INFORMATION PROVIDED:

○ ○ ○

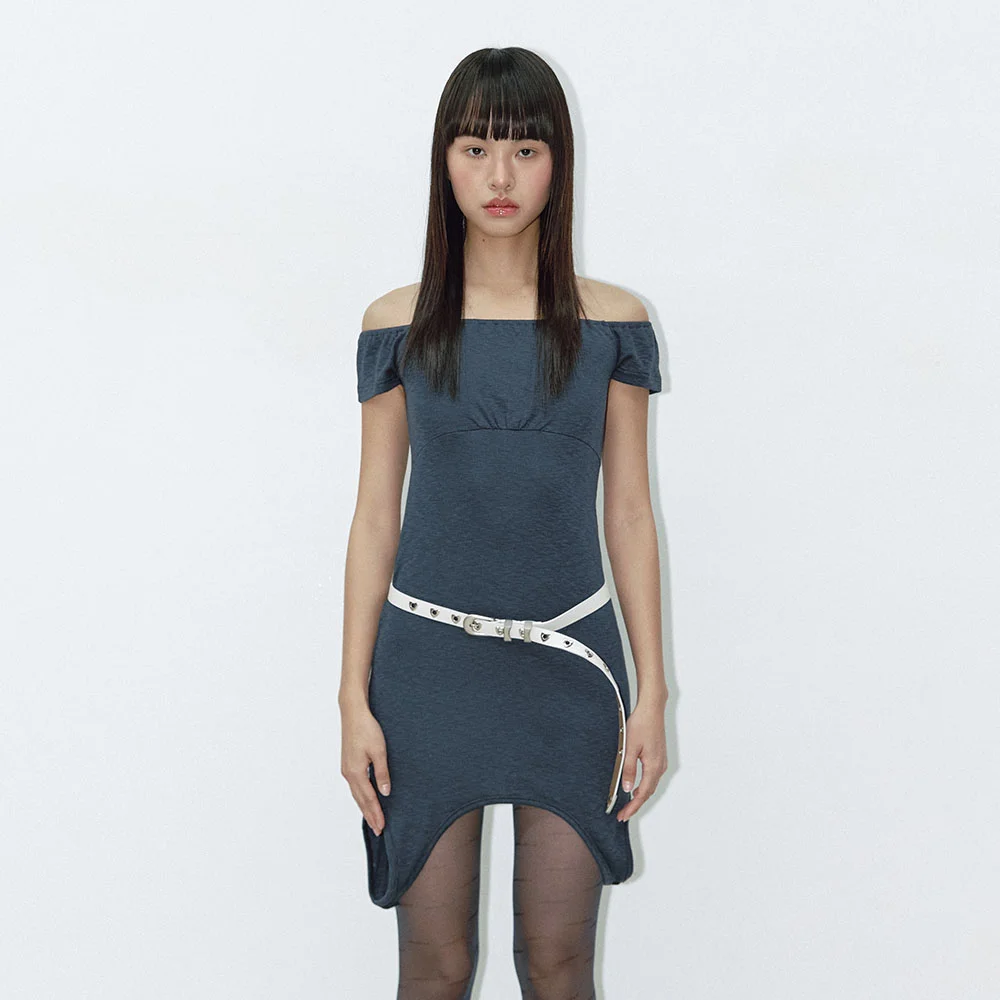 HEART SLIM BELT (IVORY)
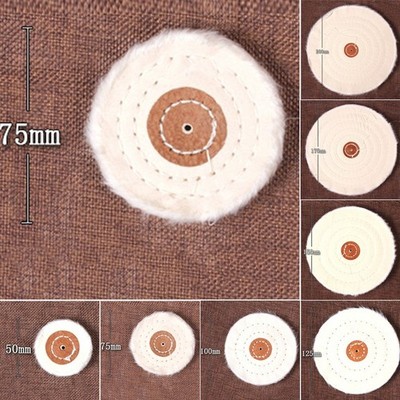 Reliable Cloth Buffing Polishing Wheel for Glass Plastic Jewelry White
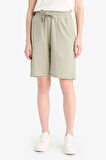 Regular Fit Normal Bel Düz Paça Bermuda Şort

○ ○ ○

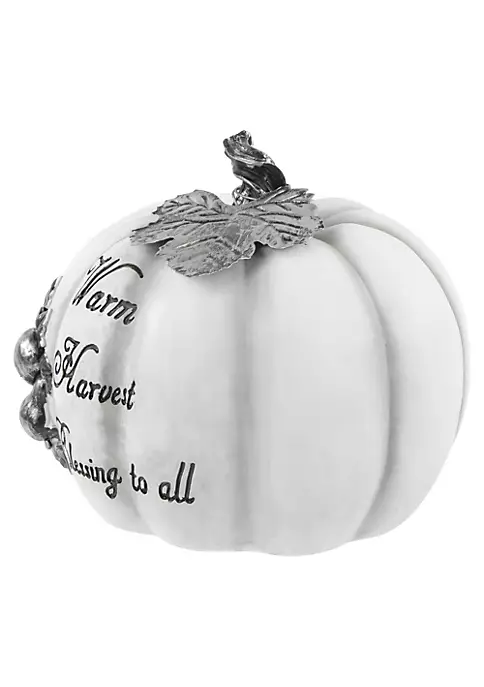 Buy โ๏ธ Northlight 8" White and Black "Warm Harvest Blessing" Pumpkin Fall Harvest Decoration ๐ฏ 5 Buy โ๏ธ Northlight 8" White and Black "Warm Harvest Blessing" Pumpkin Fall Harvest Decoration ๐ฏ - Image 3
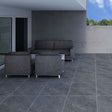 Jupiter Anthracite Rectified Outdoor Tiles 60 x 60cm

○ ○ ○

INSTRUCTIONS TO FOLLOW: Would you output the lines above from the line holding "HEART SLIM BELT (IVORY)" up to and including the line holding "Regular Fit Normal Bel Düz Paça Bermuda Şort", exactly and only those, with no pictures?

RESPONSE:
 HEART SLIM BELT (IVORY)
 Reliable Cloth Buffing Polishing Wheel for Glass Plastic Jewelry White
 Regular Fit Normal Bel Düz Paça Bermuda Şort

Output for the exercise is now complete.